Cal Jefferson and his wife Arlene are honeymooning in Hong Kong. She talks him into buying her the aforementioned statue and sends it back to their hotel via a courier. Later that day, the Jeffersons are enjoying a boat ride on a river, when they spot a man flailing in the water. This is Charley (his name is actually something like Tsui Li, but he's mute so he can't be constantly correcting Cal and this is an American movie, so it's funny to mispronounce foreign things I guess), and we know he's a good guy because we just saw him rescuing some random woman from being raped by a gang of thugs, who repaid his good citizenship by throwing him in the river.
Cal hauls Charley out and CPRs the water out of his lungs, which according to an ancient Chinese custom (really, is there any other kind?), Charley's life now belongs to Cal until the debt can be repaid in kind. Good thing for Cal, too, because that's going to come in handy a lot sooner than he thinks. A couple of bad dudes (who undoubtedly punch wooden doors into uniformly sized and shaped chunks and throw barrels at people in their spare time) named Ambrose and Leonardo want the Buddah statue because it holds they key to an ancient Chinese secret (once again, contemporary Chinese secrets are pretty thin on the ground) that, according to the centuries-dead scientist who discovered it, may be powerful enough to destroy all of China and maybe the world...

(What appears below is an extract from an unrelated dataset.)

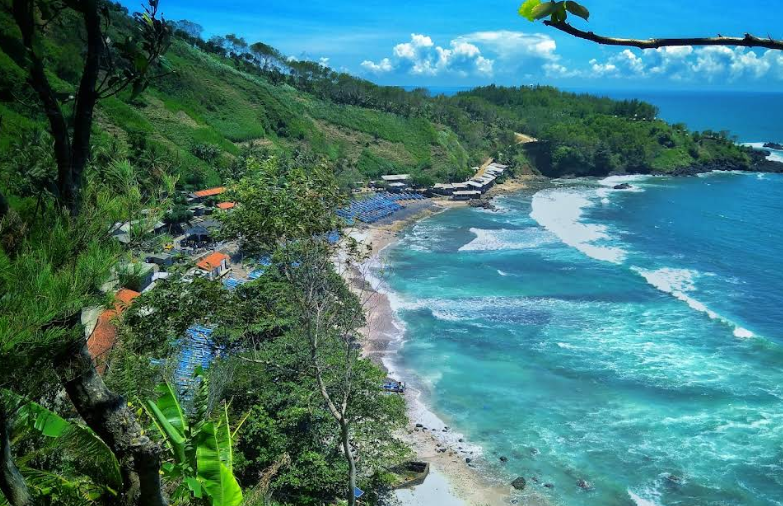 8 Pantai Murah di Jawa Tengah dengan View Mirip Bali, Wajib Dikunjungi!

It's cute that AIP didn't think their audience would be able to tell the difference between Filipino and Chinese actors. Especially really famous ones like Vic Diaz, who plays a hotel clerk (instantly recognizable even if you don't know his name, because I'm pretty sure he's been in every Filipino exploitation movie ever made), and Chiquito, who plays Charley. That and the scenery in the Philippines doesn't look a great deal like China. Which is probably why they decided to have Cal and Arlene move their honeymoon from Hong Kong to Manila not long into the movie. Still, Charley looks about as Chinese as I do.
Even for someone like me, who genuinely enjoys corny old humor that would have been stale when my grandfather was my age, the comedy in this flick is pretty bad. What really saves it are the action scenes, although I think this was more by accident than intention. All the kung fu and fist fights, most notably our introduction to Charley when he beats up the gang of would-be rapists, are much less balletic than you expect to see in a martial arts movie – even a cheap one from the 70's. In fact, sometimes they're downright sloppy and clumsy, with people tripping over their own feet, failing to land blows, or stumbling over their opponents. I would wager that's because the stunt coordinator wasn't very good or didn't have much time to choreograph a good fight, or the actors weren't very good at the moves, or a combination of all of the above, rather than a deliberate decision to shoot for realism. But that's what they got, one way or the other, and even though it makes the fights a little less of an adrenaline rush to watch, I applaud the movie for its natural-looking fight action.
It's not going to change your life, but if you're looking to kill 90 minutes with some beers or maybe a bourbon or two (or both, if you hate your liver like I do), and a fun action flick that's a little rough around the edges but doesn't demand too much from its audience, you could certainly do a hell of a lot worse.